>>
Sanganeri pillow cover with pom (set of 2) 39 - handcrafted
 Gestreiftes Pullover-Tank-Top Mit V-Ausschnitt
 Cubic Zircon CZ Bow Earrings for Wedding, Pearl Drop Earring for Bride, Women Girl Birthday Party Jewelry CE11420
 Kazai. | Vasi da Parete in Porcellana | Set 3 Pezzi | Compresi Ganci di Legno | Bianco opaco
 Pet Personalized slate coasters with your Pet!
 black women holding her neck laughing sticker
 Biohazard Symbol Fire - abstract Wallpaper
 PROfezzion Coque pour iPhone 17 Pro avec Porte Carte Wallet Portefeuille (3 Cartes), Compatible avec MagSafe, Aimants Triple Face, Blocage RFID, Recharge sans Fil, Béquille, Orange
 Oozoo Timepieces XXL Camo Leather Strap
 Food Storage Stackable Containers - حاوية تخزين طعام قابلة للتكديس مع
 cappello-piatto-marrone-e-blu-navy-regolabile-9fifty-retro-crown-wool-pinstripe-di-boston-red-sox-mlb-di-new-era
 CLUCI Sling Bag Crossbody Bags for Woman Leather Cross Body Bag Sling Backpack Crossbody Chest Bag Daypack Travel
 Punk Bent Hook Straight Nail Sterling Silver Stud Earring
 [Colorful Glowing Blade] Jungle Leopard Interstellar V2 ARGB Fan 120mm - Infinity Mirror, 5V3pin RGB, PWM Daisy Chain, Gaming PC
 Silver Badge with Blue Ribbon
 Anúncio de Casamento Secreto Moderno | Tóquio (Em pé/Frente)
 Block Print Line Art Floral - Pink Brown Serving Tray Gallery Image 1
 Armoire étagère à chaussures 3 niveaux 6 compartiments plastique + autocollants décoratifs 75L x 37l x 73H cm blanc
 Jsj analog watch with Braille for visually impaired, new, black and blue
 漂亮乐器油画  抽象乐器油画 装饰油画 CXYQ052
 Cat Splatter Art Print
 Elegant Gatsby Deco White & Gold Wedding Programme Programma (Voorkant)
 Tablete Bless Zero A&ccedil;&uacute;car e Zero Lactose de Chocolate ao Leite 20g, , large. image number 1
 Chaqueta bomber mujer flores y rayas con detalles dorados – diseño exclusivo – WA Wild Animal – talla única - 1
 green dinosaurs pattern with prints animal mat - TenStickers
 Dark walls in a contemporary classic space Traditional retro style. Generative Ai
<<
Some lines contain the word "Earring". Pull each one out of the listing.

■ Solved exercise
 Cubic Zircon CZ Bow Earrings for Wedding, Pearl Drop Earring for Bride, Women Girl Birthday Party Jewelry CE11420
 Punk Bent Hook Straight Nail Sterling Silver Stud Earring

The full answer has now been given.